- Opening Delimiter -

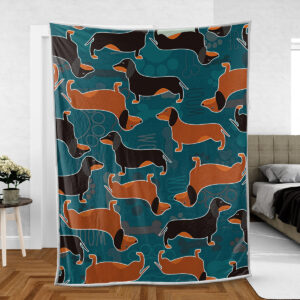 Sleepwish Dachshund Weiner Fleece Throw Blanket –&hellip;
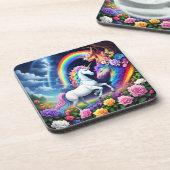 レインボーユニコーンワン コースター (左側)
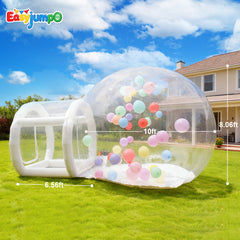 BH-001 Inflatable Bubble Balloon House, 10ft Bubble House Dome Inflatable for Kids with Pump and UL Blower, Bubble Tent for Toddlers Party Balloons Clear for Home Party, Event Exhibition, Malls, Parks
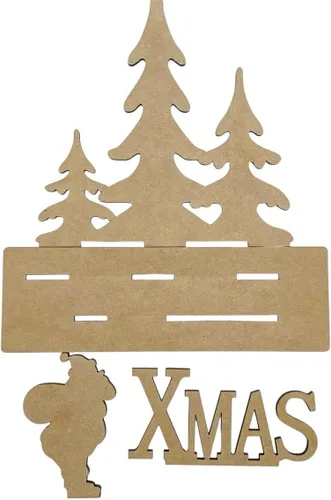 Vista 5 de Decoración de mantel de Papá Noel de Navidad Decoraciones de mantel de madera Decoración de árbol de Papá Noel Decoración de chimenea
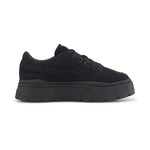 Puma mayze stack suede sneakers in black - Side View 03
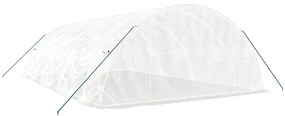 Estufa com estrutura de aço 40 m² 8x5x2,3 m branco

- Closing Delimiter -

### Task instructions
Quote the material in full and exactly; do not carry over its pictures.

### Answer to this exercise
 Sleepwish Dachshund Weiner Fleece Throw Blanket –&hellip;
 レインボーユニコーンワン コースター (左側)
 BH-001 Inflatable Bubble Balloon House, 10ft Bubble House Dome Inflatable for Kids with Pump and UL Blower, Bubble Tent for Toddlers Party Balloons Clear for Home Party, Event Exhibition, Malls, Parks
 Vista 5 de Decoración de mantel de Papá Noel de Navidad Decoraciones de mantel de madera Decoración de árbol de Papá Noel Decoración de chimenea
 Puma mayze stack suede sneakers in black - Side View 03
 Estufa com estrutura de aço 40 m² 8x5x2,3 m branco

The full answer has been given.